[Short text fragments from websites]

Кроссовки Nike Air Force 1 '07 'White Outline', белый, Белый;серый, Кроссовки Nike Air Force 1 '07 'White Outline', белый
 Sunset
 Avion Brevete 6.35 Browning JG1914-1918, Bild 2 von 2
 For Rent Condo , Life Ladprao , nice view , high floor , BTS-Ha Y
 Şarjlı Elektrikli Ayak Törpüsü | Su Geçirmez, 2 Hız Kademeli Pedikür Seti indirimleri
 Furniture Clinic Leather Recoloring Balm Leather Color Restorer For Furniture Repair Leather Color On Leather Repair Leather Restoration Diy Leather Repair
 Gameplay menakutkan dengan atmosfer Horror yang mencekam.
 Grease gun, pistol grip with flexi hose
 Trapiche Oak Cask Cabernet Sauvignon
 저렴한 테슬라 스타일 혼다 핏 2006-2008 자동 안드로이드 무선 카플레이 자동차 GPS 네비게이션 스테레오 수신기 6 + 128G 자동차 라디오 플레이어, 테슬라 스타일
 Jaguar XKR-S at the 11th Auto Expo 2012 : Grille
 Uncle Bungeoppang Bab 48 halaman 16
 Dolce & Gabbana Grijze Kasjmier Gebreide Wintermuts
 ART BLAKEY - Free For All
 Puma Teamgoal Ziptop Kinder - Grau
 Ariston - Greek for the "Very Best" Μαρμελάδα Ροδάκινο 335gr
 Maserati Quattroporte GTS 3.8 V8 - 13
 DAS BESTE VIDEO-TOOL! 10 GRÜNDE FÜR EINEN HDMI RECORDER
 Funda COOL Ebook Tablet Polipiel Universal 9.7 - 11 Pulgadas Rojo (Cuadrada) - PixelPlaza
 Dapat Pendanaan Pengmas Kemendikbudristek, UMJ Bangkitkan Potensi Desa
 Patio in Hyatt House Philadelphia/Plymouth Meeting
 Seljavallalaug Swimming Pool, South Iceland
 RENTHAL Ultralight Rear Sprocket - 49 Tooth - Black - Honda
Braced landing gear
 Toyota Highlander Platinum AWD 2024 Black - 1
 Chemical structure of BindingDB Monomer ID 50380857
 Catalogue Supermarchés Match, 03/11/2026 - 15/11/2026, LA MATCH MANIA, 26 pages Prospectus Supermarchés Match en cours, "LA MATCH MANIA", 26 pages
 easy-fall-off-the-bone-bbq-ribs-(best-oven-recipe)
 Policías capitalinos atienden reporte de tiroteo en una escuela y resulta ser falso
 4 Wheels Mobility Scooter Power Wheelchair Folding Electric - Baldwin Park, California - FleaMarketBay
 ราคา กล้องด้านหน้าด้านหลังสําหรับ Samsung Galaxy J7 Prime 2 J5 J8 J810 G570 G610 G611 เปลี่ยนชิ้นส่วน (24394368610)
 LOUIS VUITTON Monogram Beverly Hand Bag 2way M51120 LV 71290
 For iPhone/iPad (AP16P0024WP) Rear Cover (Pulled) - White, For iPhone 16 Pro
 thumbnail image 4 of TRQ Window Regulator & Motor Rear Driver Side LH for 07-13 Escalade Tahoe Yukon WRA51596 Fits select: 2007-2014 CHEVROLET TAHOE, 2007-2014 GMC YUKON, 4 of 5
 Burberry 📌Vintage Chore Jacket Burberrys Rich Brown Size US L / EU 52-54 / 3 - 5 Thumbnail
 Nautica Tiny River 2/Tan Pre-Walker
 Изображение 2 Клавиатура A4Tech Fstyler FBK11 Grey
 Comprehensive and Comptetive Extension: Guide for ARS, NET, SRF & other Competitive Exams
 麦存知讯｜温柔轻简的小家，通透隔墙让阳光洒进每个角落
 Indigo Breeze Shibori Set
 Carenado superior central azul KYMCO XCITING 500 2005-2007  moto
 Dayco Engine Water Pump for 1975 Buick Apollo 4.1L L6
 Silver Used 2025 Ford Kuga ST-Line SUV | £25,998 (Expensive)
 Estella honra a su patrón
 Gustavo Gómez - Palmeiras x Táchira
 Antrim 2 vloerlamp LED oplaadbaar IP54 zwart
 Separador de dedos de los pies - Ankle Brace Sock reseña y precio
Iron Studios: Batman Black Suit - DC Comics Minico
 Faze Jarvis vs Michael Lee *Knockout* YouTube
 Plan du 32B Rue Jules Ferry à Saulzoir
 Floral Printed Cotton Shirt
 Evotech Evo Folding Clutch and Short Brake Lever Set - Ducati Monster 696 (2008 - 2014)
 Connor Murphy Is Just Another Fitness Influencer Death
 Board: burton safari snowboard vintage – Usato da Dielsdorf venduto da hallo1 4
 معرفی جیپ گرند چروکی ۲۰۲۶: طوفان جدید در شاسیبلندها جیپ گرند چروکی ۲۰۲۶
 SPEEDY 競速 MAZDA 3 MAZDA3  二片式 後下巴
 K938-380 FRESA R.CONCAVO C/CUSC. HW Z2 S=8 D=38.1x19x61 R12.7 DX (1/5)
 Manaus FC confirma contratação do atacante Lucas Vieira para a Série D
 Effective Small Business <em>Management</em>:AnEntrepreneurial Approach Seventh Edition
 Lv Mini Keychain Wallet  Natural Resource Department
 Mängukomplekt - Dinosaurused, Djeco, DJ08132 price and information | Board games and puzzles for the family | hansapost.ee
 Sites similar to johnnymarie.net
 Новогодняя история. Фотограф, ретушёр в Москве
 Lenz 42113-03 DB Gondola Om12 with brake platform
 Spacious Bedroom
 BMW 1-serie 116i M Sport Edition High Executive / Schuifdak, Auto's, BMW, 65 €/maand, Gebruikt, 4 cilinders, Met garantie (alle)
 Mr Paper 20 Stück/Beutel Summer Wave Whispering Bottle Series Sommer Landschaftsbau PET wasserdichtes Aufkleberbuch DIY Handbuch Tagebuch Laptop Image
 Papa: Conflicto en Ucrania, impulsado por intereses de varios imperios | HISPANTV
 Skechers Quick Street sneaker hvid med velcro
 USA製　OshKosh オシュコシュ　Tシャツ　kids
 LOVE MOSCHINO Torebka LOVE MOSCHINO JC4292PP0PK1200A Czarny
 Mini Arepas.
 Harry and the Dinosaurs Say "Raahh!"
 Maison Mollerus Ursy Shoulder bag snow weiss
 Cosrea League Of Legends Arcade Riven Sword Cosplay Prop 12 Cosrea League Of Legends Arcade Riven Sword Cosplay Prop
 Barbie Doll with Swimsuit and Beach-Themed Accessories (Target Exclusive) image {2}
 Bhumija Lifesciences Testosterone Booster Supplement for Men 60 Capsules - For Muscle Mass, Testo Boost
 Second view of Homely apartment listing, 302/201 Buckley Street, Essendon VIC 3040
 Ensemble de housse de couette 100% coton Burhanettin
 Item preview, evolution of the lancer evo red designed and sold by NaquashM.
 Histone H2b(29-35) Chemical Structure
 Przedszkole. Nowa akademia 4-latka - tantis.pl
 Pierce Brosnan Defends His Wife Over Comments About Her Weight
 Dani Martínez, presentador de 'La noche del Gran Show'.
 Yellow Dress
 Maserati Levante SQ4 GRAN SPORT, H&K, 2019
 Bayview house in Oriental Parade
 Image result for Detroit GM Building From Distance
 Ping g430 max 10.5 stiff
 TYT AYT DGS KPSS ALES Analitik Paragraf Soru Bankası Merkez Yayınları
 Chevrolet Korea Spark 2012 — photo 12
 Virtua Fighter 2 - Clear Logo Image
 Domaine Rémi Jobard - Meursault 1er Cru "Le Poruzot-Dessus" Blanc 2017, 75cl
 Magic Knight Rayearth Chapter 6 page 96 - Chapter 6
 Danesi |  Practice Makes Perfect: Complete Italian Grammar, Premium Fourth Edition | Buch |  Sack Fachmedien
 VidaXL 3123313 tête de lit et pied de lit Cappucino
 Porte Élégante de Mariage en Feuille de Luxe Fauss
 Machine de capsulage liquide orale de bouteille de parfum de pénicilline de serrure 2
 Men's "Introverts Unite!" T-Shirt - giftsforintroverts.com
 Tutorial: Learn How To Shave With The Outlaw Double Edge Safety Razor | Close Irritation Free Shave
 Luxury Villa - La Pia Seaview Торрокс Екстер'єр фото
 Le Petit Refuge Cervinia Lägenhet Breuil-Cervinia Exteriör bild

Exercise description:
Using the entries above, state how many lines contain the string "Free"; the number is all that is needed.

Exercise answer:
2